Jelani Cobb Re-examines Kerner Commission’s Findings as They’re Playing Out in 2021

Author and Columbia University Professor Jelani Cobb says the Kerner Commission Report’s warning that America was moving toward two separate and unequal societies is just as relevant today.

The Kerner Commission was appointed by President Lyndon B. Johnson in 1967 to investigate the causes of urban uprisings in Detroit, Newark and other American cities in the 1960s. Upon its completion in 1968, the commission report famously stated that America was, “moving towards two societies, one black, one white — separate and unequal.” More than 50 years later, Jelani Cobb says this warning is just as robust today. 

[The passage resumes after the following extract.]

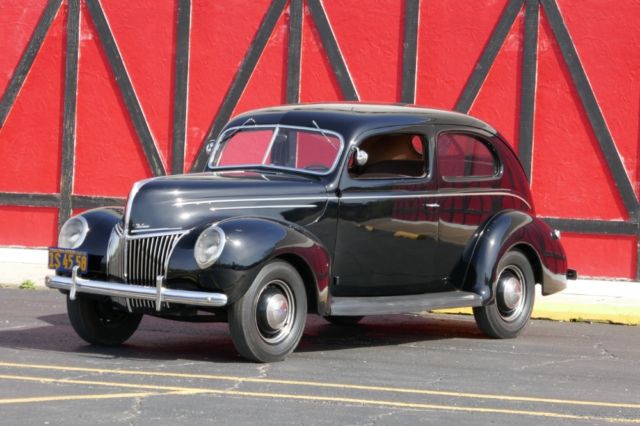 1939 Ford Deluxe REDUCED FROM $29,995 TO $19,995 - photo 2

“I think one of the reasons that the Kerner Report was so shocking, was because it called white people on racism … They placed the responsibility of the situation directly on the doorstep of white America.” –Jelani Cobb, author of “The Essential Kerner Commission Report” 


Listen: The lasting legacy of the Kerner Commission.


Guest 

Jelani Cobb is a staff writer for the New Yorker and Ira A. Lipman Professor of Journalism at Columbia University. He’s the editor of “The Essential Kerner Commission Report,” a new re-issue of the report that includes his introduction re-examining its findings in a present-day context. 

Cobb says the Kerner Commission examined major urban crises prompted by the decades-long mass disinvestment of cities. “After [World War II] people started to get opportunities in suburbia, they built highways,” he says. “There was an opportunity hoarding that turned cities into a reservoir of disadvantaged and forgotten people.” Cobb says the commission suggested a major source of urban violence was the institutionalized racism of white America. “I think one of the reasons that the Kerner report was so shocking, was because it called white people on racism … They placed the responsibility of the situation directly on the doorstep of white America.” 

He says in today’s context, the Kerner Commission is valuable for its study of policing and other systemically prejudiced American institutions. “The police are the only ones that physically touch you … the violence of poor housing and low-quality education … all of those things are abstract. But the actual violence we see [with the police] … that is concrete.”

Cobb says it’s important to revisit the Kerner Report because it highlights the historic inequities purposefully embedded in our society, which can’t simply go away with time. “We can have all the policies about prosecution of police for criminal conduct or excessive use of force … but unless you have grand juries that are willing to hand down indictments, those laws don’t matter.”